Episodic Memory of Weizmann Edge snippets

This page describes performance of a 2-level (non-hierarchical) version of Sparsey on 70 of the 90 Weizmann snippets that have been preprocessed using simple binary edge filtering (applied within a bouding box (BB) around the human actor).  The video below shows the binary edge input (produced from a mask files) for two of the 90 Weizmann snippets (daria_bend.avi and daria_jack.avi).  We also decimated the originals in time from about 80 frames to about 30.  The same frame size, 84x120, is used for all 10 Weizmann classes.

Below, we see the Sparsey model (with ~13 million binary wts) being reactivated during a test presentation of another of the edge videos, "daria_walk", which was presented once during learning (as were all the sequences, i.e., single-trial learning). There are many things to note in this video. At the most summary level, note that the model has assigned a sequence of 13 sparse codes, which are chained together via Hebbian learning (green "horizontal" (H) weights). Each sparse code occurs in one of the 20 macrocolumns (macs) (a mac can be active multiple times, including consecutively). Each code (set of colored cells in the mac [black: correct, red: incorrectly active, green: incorrectly inactive]), is chosen as a function of the simultaneous input via the H-wts and the bottom-up (U) information from the active input "pixels" (blue wts), i.e., as a function of a spatiotemporal similarity computation.  Also note that we only show the afferent active U (blue) and H (green) wts for one cell on each frame.  When the unfolding trace is highly accurate (as in this example...i.e., most of the cells are black), all eight winners in a mac will have highly correlated patterns of U and H input (as seen in the 3rd video on this page).

The supervised learning is accomplished by increasing the weights from the last code active in the sequence onto a field of class nodes (not seen in this figure).

RESULT: We presented all 90 snippets once each (a total of 1,722 frames), resulting in 90 spatiotemporal sparse distributed code (SDC) memory traces like the one shown. Classification accuracy was 99% (89 out of 90).  Overall memory trace accuracy was 87%. Training time was 290 sec.  Note that while the model has ~12.5 million wts (U and H wts combined), relatively small percentages of the wts afferent to most internal units (of which there are 20 x 7 x 8 = 1,120) are actually increased during learning, e.g., ~15-25% for H, ~5-10% for U. This suggests that this particular model could probably store a great deal more such input sequences and get high trace (and classification (train=test)) accuracy.
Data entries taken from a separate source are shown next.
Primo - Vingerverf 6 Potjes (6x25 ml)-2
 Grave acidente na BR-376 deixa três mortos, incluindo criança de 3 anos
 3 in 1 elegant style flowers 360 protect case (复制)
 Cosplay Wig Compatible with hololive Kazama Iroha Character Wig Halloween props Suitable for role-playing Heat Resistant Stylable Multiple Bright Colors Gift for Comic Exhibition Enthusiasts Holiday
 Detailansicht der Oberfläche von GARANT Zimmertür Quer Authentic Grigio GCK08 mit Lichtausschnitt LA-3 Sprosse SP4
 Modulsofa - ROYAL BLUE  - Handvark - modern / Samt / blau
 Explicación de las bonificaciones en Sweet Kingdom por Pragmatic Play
However, as discussed at the bottom of this page, this non-hiearchical model will not generalize well....it's parameters have been optimized to maximize episodic memory capacity.  We are now moving on (back) to testing hierarchical models, to obtain a good "train != test" (i.e., standard classification test) result.
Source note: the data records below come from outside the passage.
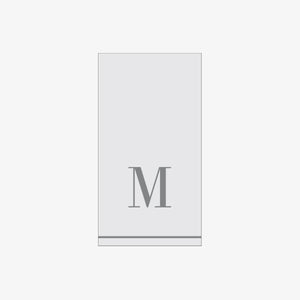 M - Bodoni Script Single Initial Paper Guest Towel Napkins - Luxe Party NYC
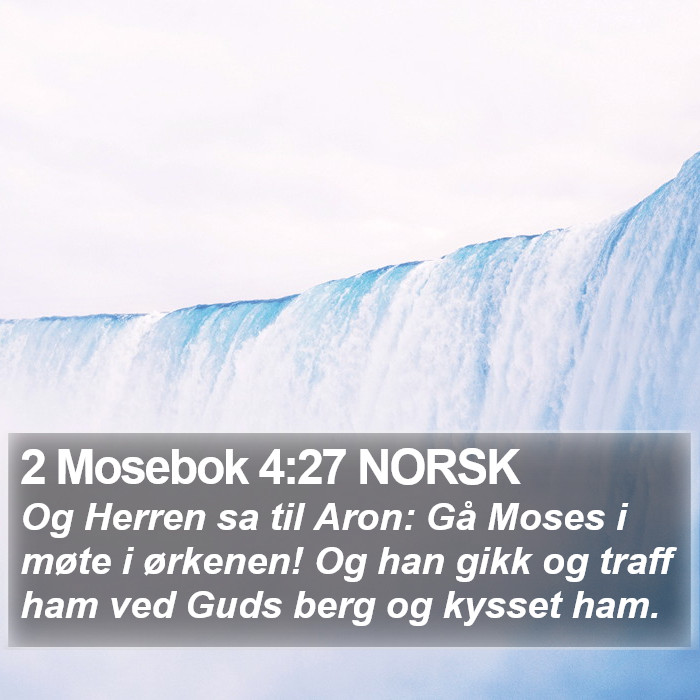 2 Mosebok 4:27 NORSK Bible Study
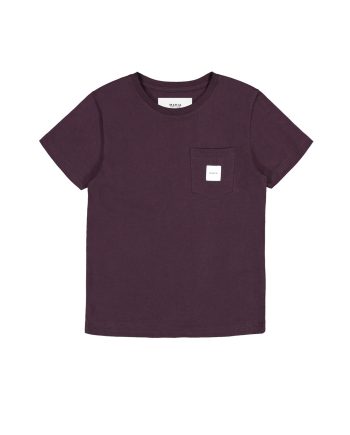 Makia Square Pocket T-paita - Viininpunainen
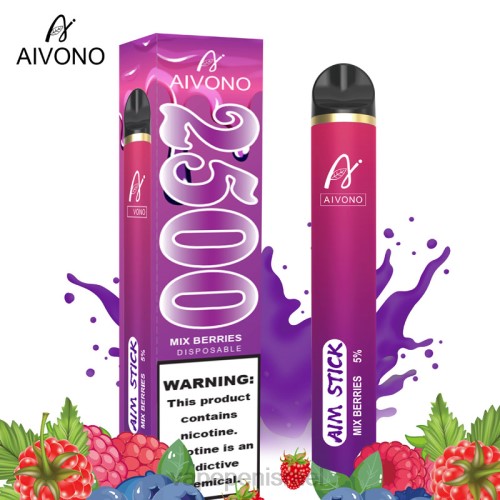 Vape Juice Israel - Aivono AIM STICK 2500 P4D26158 מערבבים פירות יער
Again, there are numerous sources of possible speed-up, which we will explore. Notably, if you look at the input snippet above, you can see that each frame is extremely sparse. We suspect that these Weizmann classes could be learned from spatially much coarser inputs. So rather than 84x120 pixels, we are preparing 42x60 versions (using blurring, rescaling and re-binarization).  This alone would speed up the processing by at least 10x.

The model that achieved the above results limited the fraction of a mac's U wts increased over the training set to 25%. We noticed that several of the mac's U matrices were hitting the saturation limit and so we tested a model which set that limit to 45%. The model also had fewer cells; Q=7 CMs per mac and K=6 cells per CM; a total of 840 cells and ~9.5 million wts. This model attained 97% class accuracy (87 out of 90), 87% recognition trace accuracy, and training time was 303 sec (not sure why this smaller model (9.5 million vs. 12.5 million wts) took slightly longer to run).  Also, we know that we could have made several small parameter changes that would have increased class accuracy very close to 100%, and again, we expect several orders of magnitude speed increase are easily possible with standard software optimizations and minimizing the input size. Remember that Sparsey does not need to compute any gradients.